What infuriates me most is that the new management, including Magic Johnson, was willing to sell us all, including Scully, to the highest bidder. These men are not beginners at this game and knew when they signed the TWC deal this was likely to happen. But didn't care enough to demand an escape clause of some kind to prevent this disastrous situation. But, of course, a demand like that would have reduced the contract value. They obviously did not care, any of them.

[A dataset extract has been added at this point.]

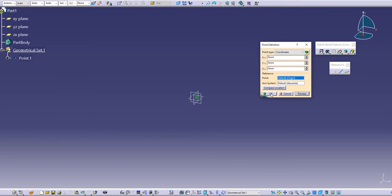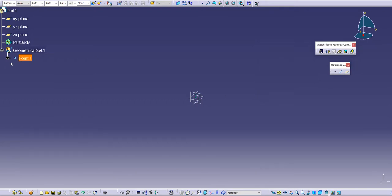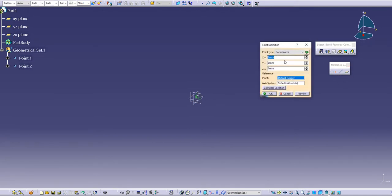We can create a point in 3D space without entering the sketch. The easiest way to do this is to define coordinates in the X, Y, and Z axes.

Were Bill Plaschke ever to actually pay to go to a Dodgers game, I suggest he first go door-to-door and ask his neighbors to subsidize the cost of his ticket. When they balk, Bill could explain that the team is a civic asset and that even the nine out of 10 who don't care a whit about the Dodgers should be honored to contribute to the cause.
DirecTV, et al. have offered to provide SportsNetLA to their customers who want to pay for it. This aligns with the free-market definition of fairness. But Time Warner Cable says no. It wants the 90-plus percent of television subscribers in an eight-county region who don'tneedmydodgers.com to subsidize the less-than-10% who do.
Plaschke wants the mayor to try to "coax a deal," which is really just a euphemism for reaching into the wallet of just about everyone between Lompoc and Blythe. How does Dodger Bill think Time Warner is going to recoup the $8.5 billion that it forked over to his favorite team?
Where Plaschke sees a civic asset, I see a private enterprise and regional liability.
Which statement is not true:
a) Time Warner Cable is holding Dodgers fans hostage by demanding unreasonable requirements on other providers.
b) TWC spurns an $80-billion dollar offer from Fox.
c) TWC is rated last among customer satisfaction for cable providers.
d) TWC is in business to serve its customers.
If my cable provider, Verizon FiOS, ever caves to TWC, I will cancel my subscription that day.
Every day I check the "Today on the Air" section of the Times sports page and every day it shows the Dodgers playing on SportsNet LA. And every day my lifelong love of the Dodgers grows a little dimmer. And dimmer. And dimmer.
It looks like The Times is taking extreme cost-cutting measures: In the chart with the Babe Ruth story last Sunday, I noticed that you decided to save ink on an asterisk next to Barry Bonds' name as home run leader.
NCAA President Mark Emmert testified under oath before a Senate committee that the NCAA was a "nonprofit organization."
Tuesday, the Times reported that the NCAA made a profit of $32 million in 2012-13.
What part of "nonprofit" don't I understand?
Glenn M. Langdon
Wrapping up the Cup
I don't understand all the fuss about soccer.
If I want to see a 1-0 game, I can watch Clayton Kershaw pitch.
If I want to see a lot of diving and flopping, I can go to Sea World and watch the trained seals.
If I want to see a team repeatedly punting the ball, I can watch the Jacksonville Jaguars,
If I want to see a team of foreigners winning a championship, I have the San Antonio Spurs.
And if I want to see fans crying after watching their team play, I can go to a Lakers game.
So, another World Cup has come and gone. Four years from now we'll do it all again. Well, I'm getting along in years now. With a bit of luck I won't be around to hear about it.
The World Cup is finally over, and we can now enjoy a four-year respite from moronic suggestions on how to make the world's most popular sport popular.
The U.S. should be spying on Germany's soccer team, not Angela Merkel.
LeBron James didn't need to attend the World Cup final. He already knows what happens when the best team faces the best player.